What is real estate inventory?

When the inventory is low, properties are likely to sell faster but at a higher price.

Property buyers, investors and those tracking the real estate market often come across the term ‘inventory’. According to the general definition, inventory refers to the raw materials that a company uses or the finished goods available for sale at the end of a certain period. In the real estate sector, housing stocks, such as unsold flats are referred to as inventory. It serves as an important metric for real estate investors, buyers, and sellers to gather insights into the property market.

 

Real estate inventory meaning

Real estate inventory refers to the number of unsold properties in the market or a specific area at a given time. It can include various types of properties, such as apartments, commercial space, and plots, which are available for sale. For property buyers and investors, an understanding of the current market and inventory level can be beneficial in making the right investment decisions. It helps them assess the saleability of a project and the developer’s performance and gives a clear picture of the demand and supply in a location.

The inventory level is the main indicator of the market supply, influencing property prices and avenues for buyers. The increase in inventory can reflect how a particular housing market has performed in a current period – the higher the inventory, the lower the sales. Low inventory levels reveal that it is a seller’s market, resulting in increased property prices as the demand is greater than supply.

See also: What is amortization in real estate?

 

What is the significance of real estate inventory?

Real estate inventory has a crucial role in the property market as it can influence property prices and determine the time by which properties will be sold.

 

Impact of low inventory

When the inventory is low, properties are likely to sell faster but at a higher price. A declining inventory level is an indication of buyers’ activity across existing and new properties while reflecting economic growth.

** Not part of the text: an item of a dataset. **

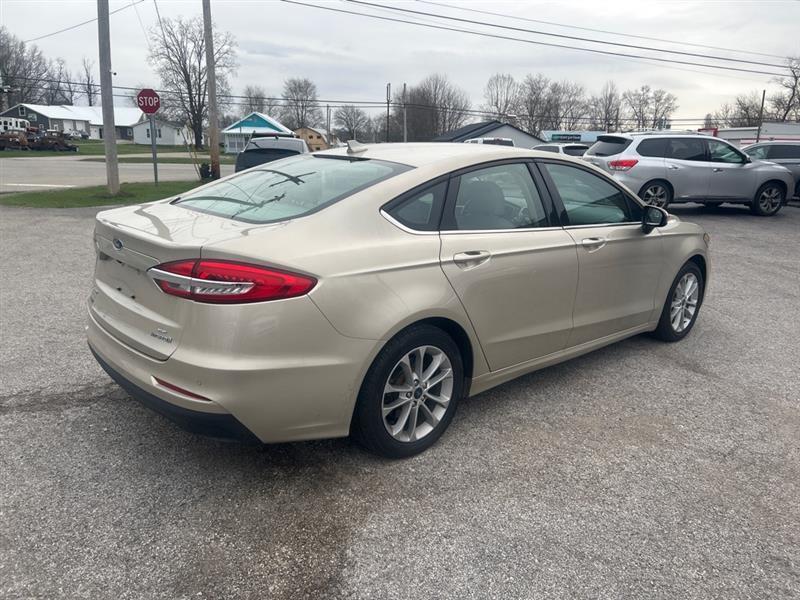Ford Fusion Hybrid SE 2019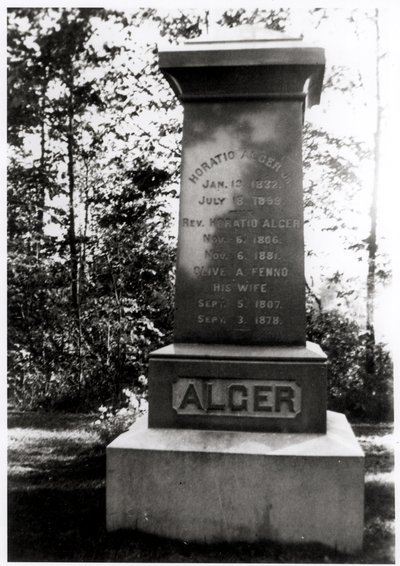 Horatio Algers grav i Natick, Massachusetts (undw bilde) av Unbekannt Unbekannt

From a developer’s perspective, lower inventory may indicate a good demand for properties from buyers, significant cash flows and financial strength. It puts the company in a favourable position to launch new projects.

 

Impact of high inventory

With an increase in inventory level, properties may take longer to sell, reflecting a slowdown in demand while new launches continue to come up in the market. It can also mean sales at less than the asking price. The slowdown could be due to price appreciation in the market, reduced affordability of properties for end-users or higher interest rates. For a developer, high inventory levels can reflect construction-related problems that may have impact the project, locked cash flows and other financial problems.

 

How are inventory levels assessed?

Inventory levels are studied in three ways: absolute number (1 Lakh units), months of inventory (40 months) and rate of absorption (5%).

Months of Inventory

Months of inventory refers to the amount of time or number of months required to sell the entire existing inventory, given that no new supply enters the market. This method helps assess the type of market and estimate the correct time to buy or sell properties to maximise profit.

It is calculated through the formula:

Months of Inventory = Total units in a project or location in month X / Total units sold in month X

For example, there are a total of 50,000 units in the market (A) and the average sales in a month is 1,000 units (B). The months of inventory will be 50 months (A/B).

A higher number shows a slowdown in the market, whereas a lower number indicates faster sales.

Absorption Rate

Absorption rate means the rate at which units are sold or absorbed in a specific project or location. It is calculated by the formula:

Absorption rate = Monthly sales / total inventory

In the above example, the absorption rate will be 2%.

 

FAQs

What is the inventory level in real estate?

Inventory refers to the number of unsold properties in the market or a specific area at a given time.

How do you calculate real estate inventory level?

The months of inventory can be calculated by dividing the total inventory i.e., the number of unsold units in a specific project or location by monthly sales.

What is a seller’s market?

In a seller’s market, sellers tend to be less flexible with pricing or the offer they will accept as demand is more than supply. The months of inventory is typically less than five months and the absorption rate is more than 8%.

What is a buyer’s market?

In a buyer’s market, the months of inventory is typically more than seven months and absorption rate is less than 5%. This indicates the demand is less than supply, with more properties available for sale. The sellers are more flexible with pricing or the offer they will accept.

What is a healthy market?

In a healthy market, the months of inventory is typically five to seven months and the absorption rate is between 5% and 8%.